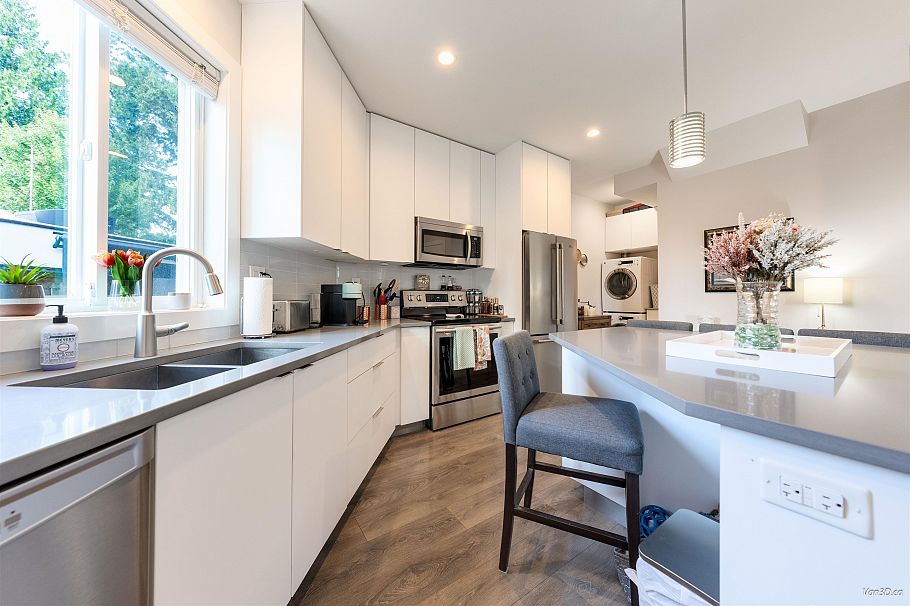 949 Hartford Place North Vancouver, BC - 9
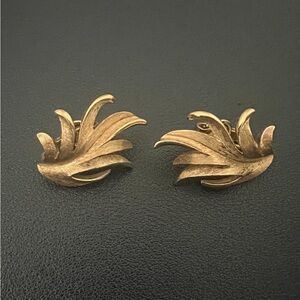 Vintage Crown Trifari leaf climber clip-on earrings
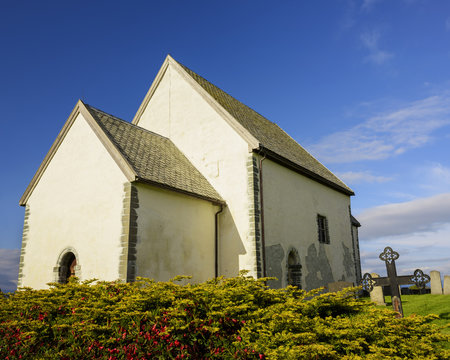 S&oslash;rb&oslash; stone church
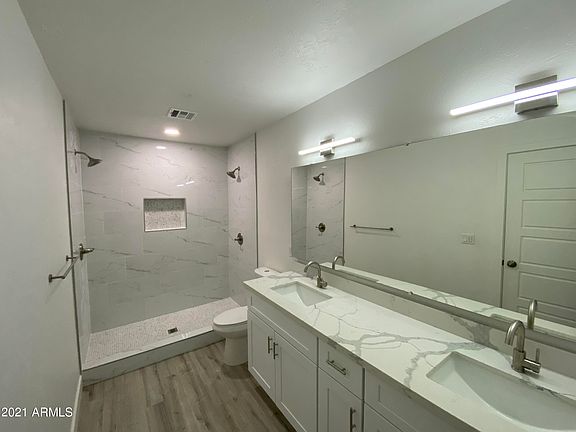 5th image of 7754 N 33rd Dr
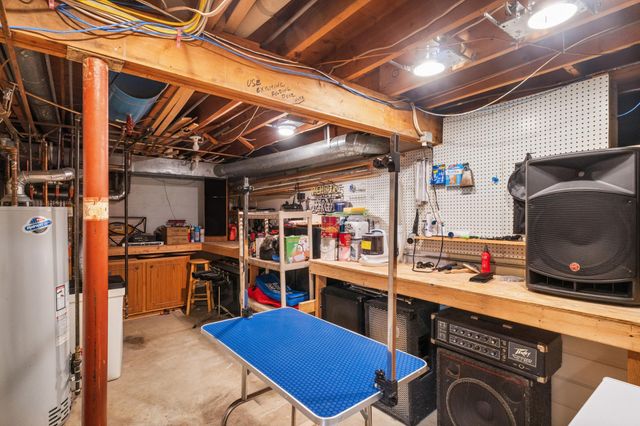 1904 16th Street NW, Faribault, MN 55021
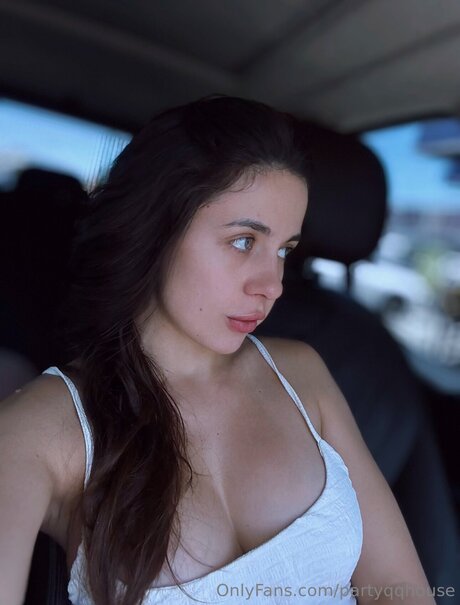 Partyqqhouse star top picture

----

▸ TASK TO CARRY OUT
Could you output every entry exactly as written, skipping the pictures?

▸ RESULT
 949 Hartford Place North Vancouver, BC - 9
 Vintage Crown Trifari leaf climber clip-on earrings
 S&oslash;rb&oslash; stone church
 5th image of 7754 N 33rd Dr
 1904 16th Street NW, Faribault, MN 55021
 Partyqqhouse star top picture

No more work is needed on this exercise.